** Opening Exercise material block **

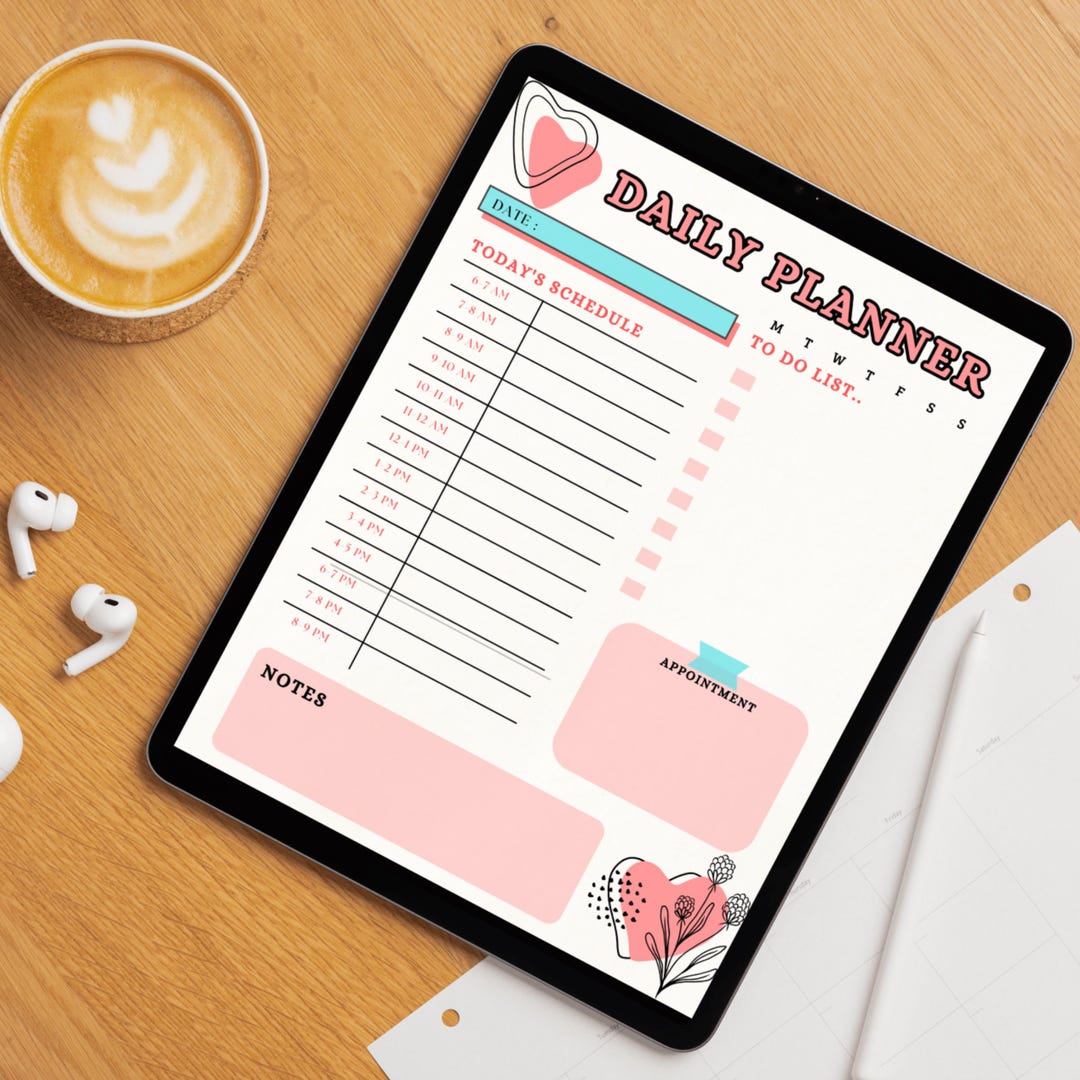 Pastel Daily Planner Printable Template | Time Blocking, To-do List ...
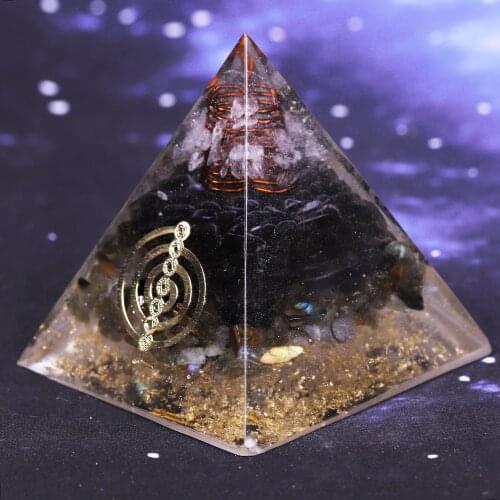 Orgonite Pyramid Muladhara Chakra Obsidian Natural Crystal Labradorite Repel Evil Spirits Pyramid Decoration Process Resin Gift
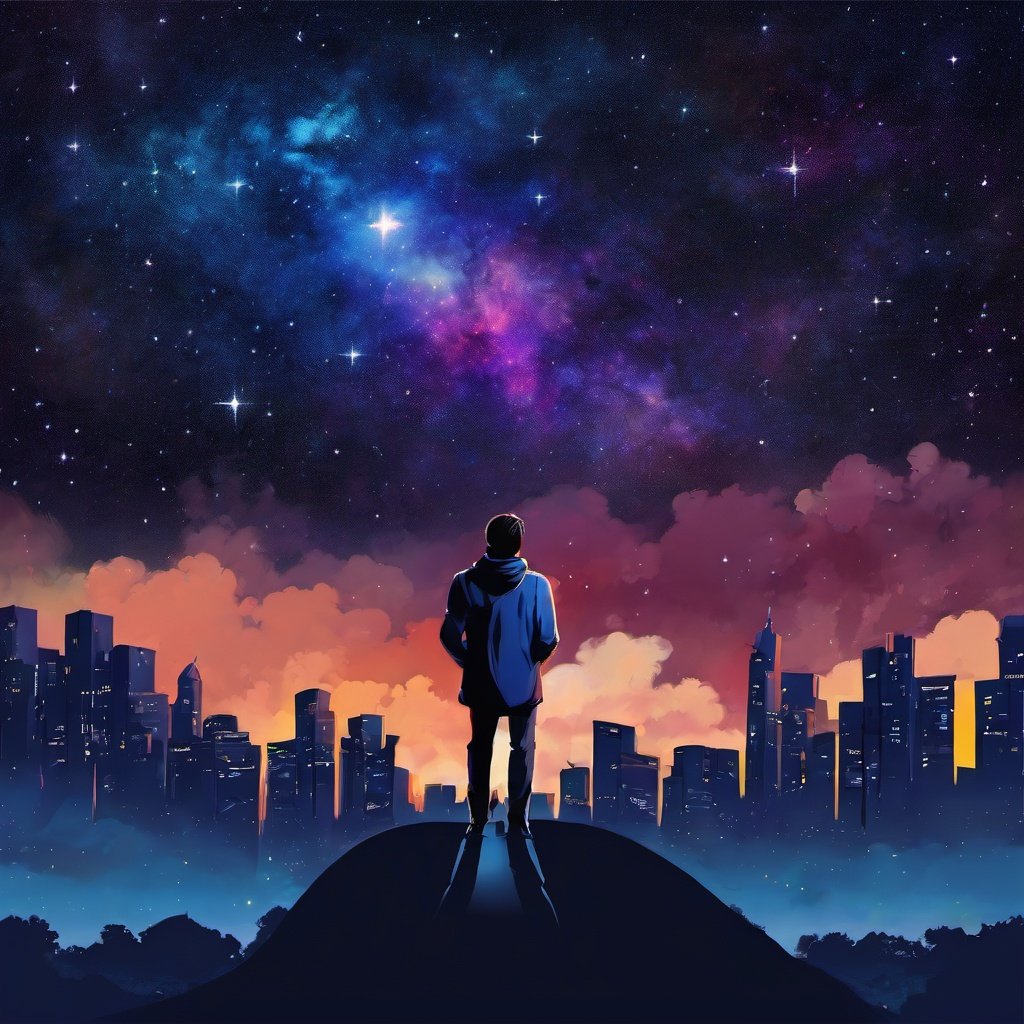 A man, walking alone through the city at night, lifts his head and gazes up at the starry sky,colorgalaxy,sky,cloudy, wind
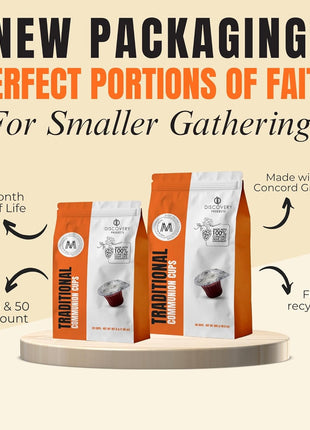 Travel Pack - Pre-Filled Traditional Communion Cup - Bag of 25 with Wafer and 100% Concord Grape Juice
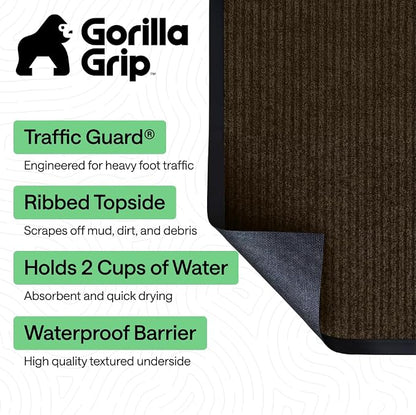 GORILLA GRIP Waterproof Traffic Guard Door Mat, Indoor and Outdoor Heavy Duty - Image 2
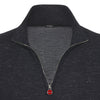 Silk and Cashmere-Blend Half-Zip in Diamond Black
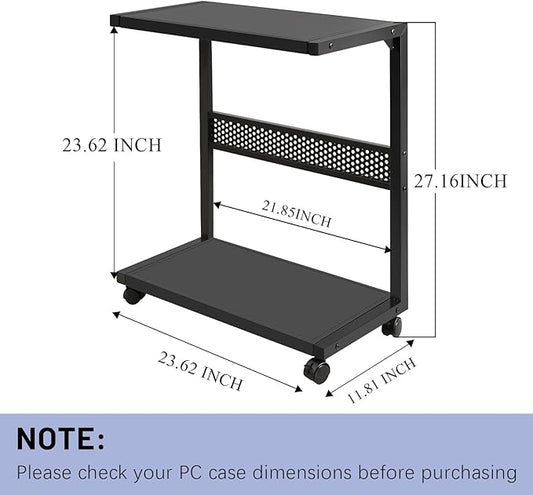 Bfttlity Large PC Stand Computer Tower Stand 2-Tier Metal CPU Holder with Locking Caster Wheels Suitable for Most PC (Black,XL)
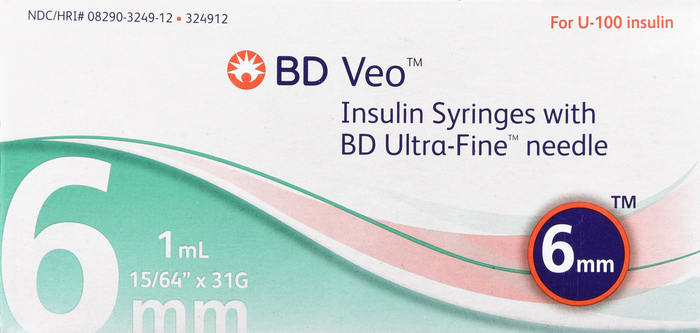 BD Veo Insulin Syringes 1mL 31Gx6mm 100ct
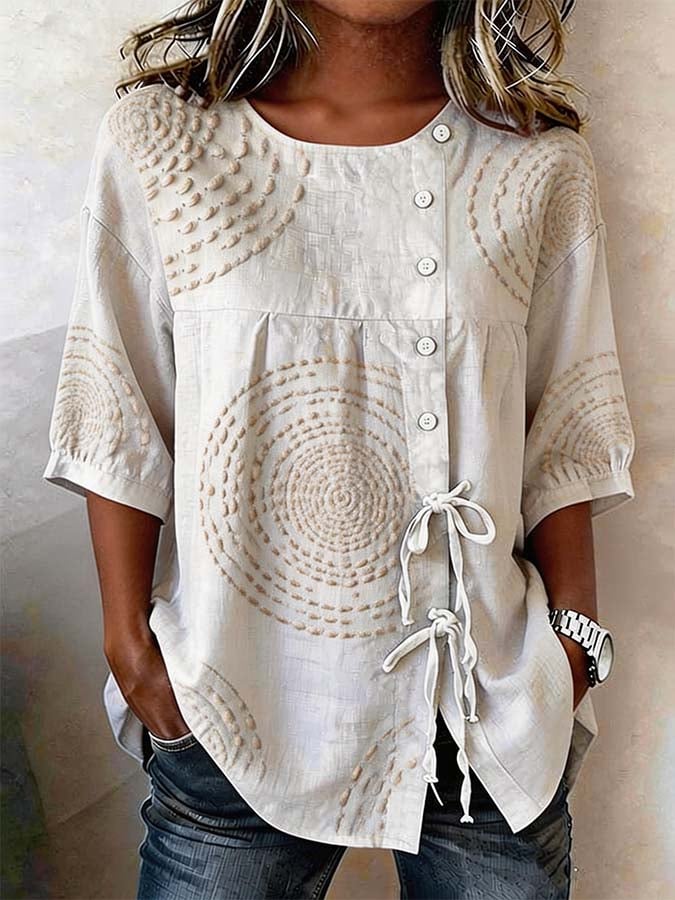 Hydda – Bestickte Bluse Mit Knöpfen Vorne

** Closing Exercise material block **

Although the records contain pictures, the copy should hold only their text, reproduced exactly.

 Pastel Daily Planner Printable Template | Time Blocking, To-do List ...
 Orgonite Pyramid Muladhara Chakra Obsidian Natural Crystal Labradorite Repel Evil Spirits Pyramid Decoration Process Resin Gift
 A man, walking alone through the city at night, lifts his head and gazes up at the starry sky,colorgalaxy,sky,cloudy, wind
 Travel Pack - Pre-Filled Traditional Communion Cup - Bag of 25 with Wafer and 100% Concord Grape Juice
 GORILLA GRIP Waterproof Traffic Guard Door Mat, Indoor and Outdoor Heavy Duty - Image 2
 Silk and Cashmere-Blend Half-Zip in Diamond Black
 Bfttlity Large PC Stand Computer Tower Stand 2-Tier Metal CPU Holder with Locking Caster Wheels Suitable for Most PC (Black,XL)
 BD Veo Insulin Syringes 1mL 31Gx6mm 100ct
 Hydda – Bestickte Bluse Mit Knöpfen Vorne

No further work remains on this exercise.